Unknown unknowns also take a few different forms. For example, an image can be intentionally manipulated in subtle ways to trick a model into making a mistake, as in the case of the panda you see just above. A little bit of noise, invisible to our own human eyes, can introduce details a model might pick up on to incorrectly classify it — probably something that is further exaggerated if a model is over-trained on a publicly available example data set. But that's a result of intentional action. It's real-world examples that have researchers more concerned, things like normal photos you or I might take of our dinner or nature that end up being misclassified with extreme confidence.

Unknown unknowns can be further classified as "rare," in the case of things that are so obscure a model may not have been trained on them (like specific dog breeds); "tricky," if the framing, angle, or positions might be confusing, but which context immediately makes clear to a human observer (a donut is more likely to be frosted or powdered, a dog probably wouldn't be found up a tree, etc.); or both "rare" and "tricky" if both are combined (like with a racecar on a track, viewed at an unusual angle through the shimmer of the hot surface). There are a surprising number of ways a machine learning model can be confidently wrong.

Potential "unknown unknowns" from the Open Images Dataset.

To that end, Google is opening a challenge.
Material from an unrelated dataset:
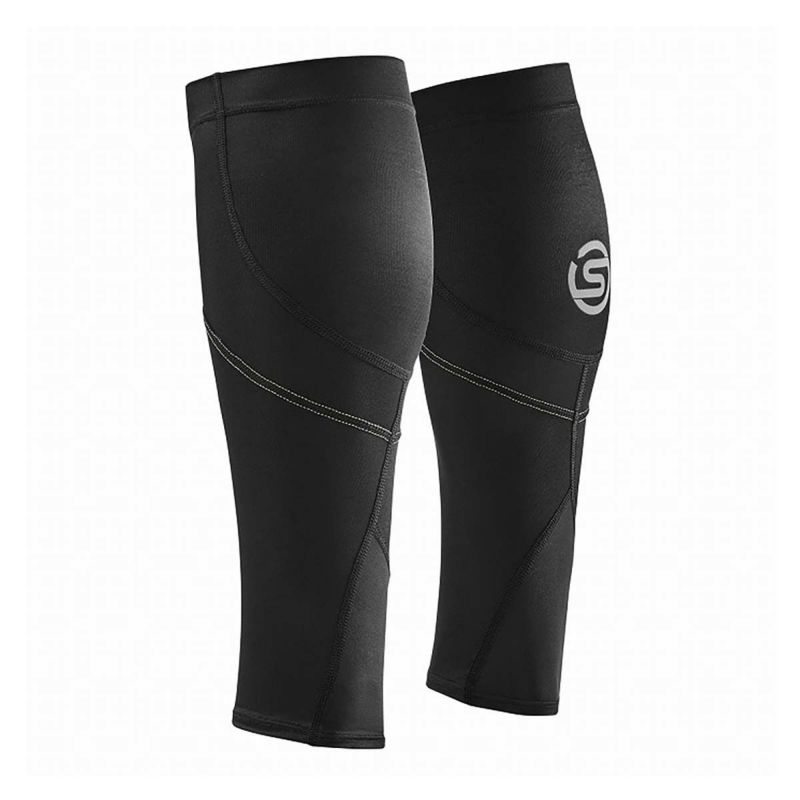 スキンズSKINSランニングSERIES-3カーフタイツMX183-01370メンズレディースユニセックス25FA秋冬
ML researchers, software developers, and even enthusiasts willing to put in a bit of work are invited to select images from the Open Images Dataset from 24 target labels to find real-world examples of these unknown unknowns. More details, including instructions, are available at the CATS4ML site, together with a presentation that explains these same concepts in better detail.

Again, this isn't for your average consumer, or even me. Google's looking for developers and researchers to participate, and there are plenty of rules for how you have to make your submissions. But machine learning enthusiasts or Android developers looking to expand their horizons a little while we're all stuck inside might be interested in taking a look. There's a whole scoring system, and though there aren't any prizes, Google will even crown a "winner." The challenge closes on April 30th, 2021.